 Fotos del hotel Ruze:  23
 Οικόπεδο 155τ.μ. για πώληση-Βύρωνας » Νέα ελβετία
====================
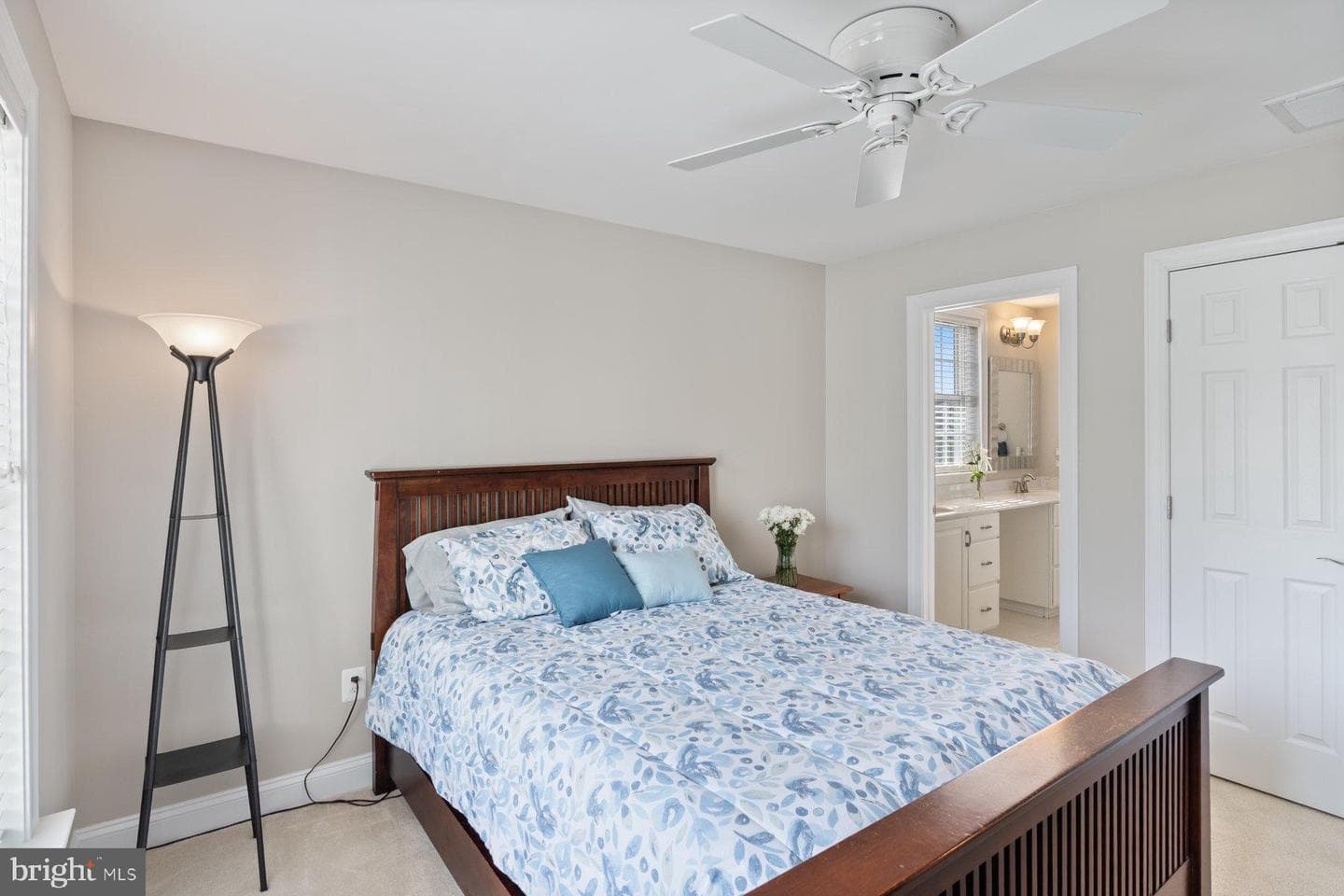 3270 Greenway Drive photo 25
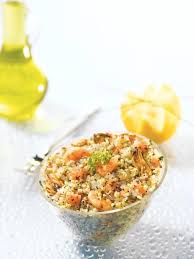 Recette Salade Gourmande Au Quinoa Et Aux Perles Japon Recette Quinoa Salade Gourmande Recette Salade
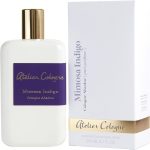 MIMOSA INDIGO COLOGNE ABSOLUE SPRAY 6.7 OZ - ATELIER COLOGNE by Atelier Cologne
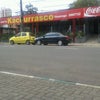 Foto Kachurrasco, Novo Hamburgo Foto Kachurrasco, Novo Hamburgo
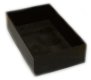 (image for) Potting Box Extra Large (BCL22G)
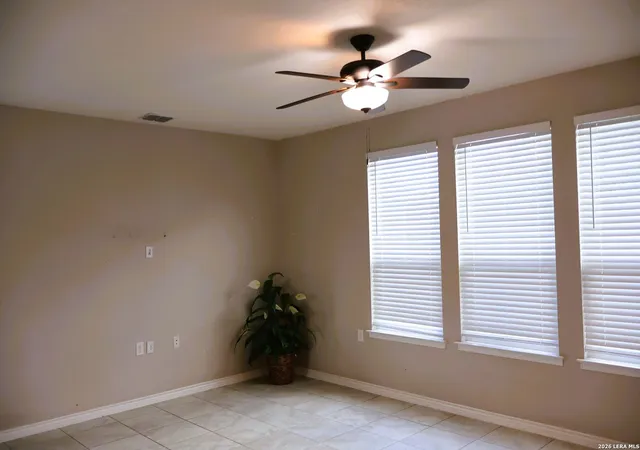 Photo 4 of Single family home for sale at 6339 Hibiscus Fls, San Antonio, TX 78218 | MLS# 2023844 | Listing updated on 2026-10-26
====================
**Brief**
Would you please repeat only the lines above, beginning at the one that has "Foto Kachurrasco, Novo Hamburgo Foto" and stopping after the one that has "Photo 4 of Single", exactly and with no pictures?

**Final answer**
 Foto Kachurrasco, Novo Hamburgo Foto Kachurrasco, Novo Hamburgo
 (image for) Potting Box Extra Large (BCL22G)
 Photo 4 of Single family home for sale at 6339 Hibiscus Fls, San Antonio, TX 78218 | MLS# 2023844 | Listing updated on 2026-10-26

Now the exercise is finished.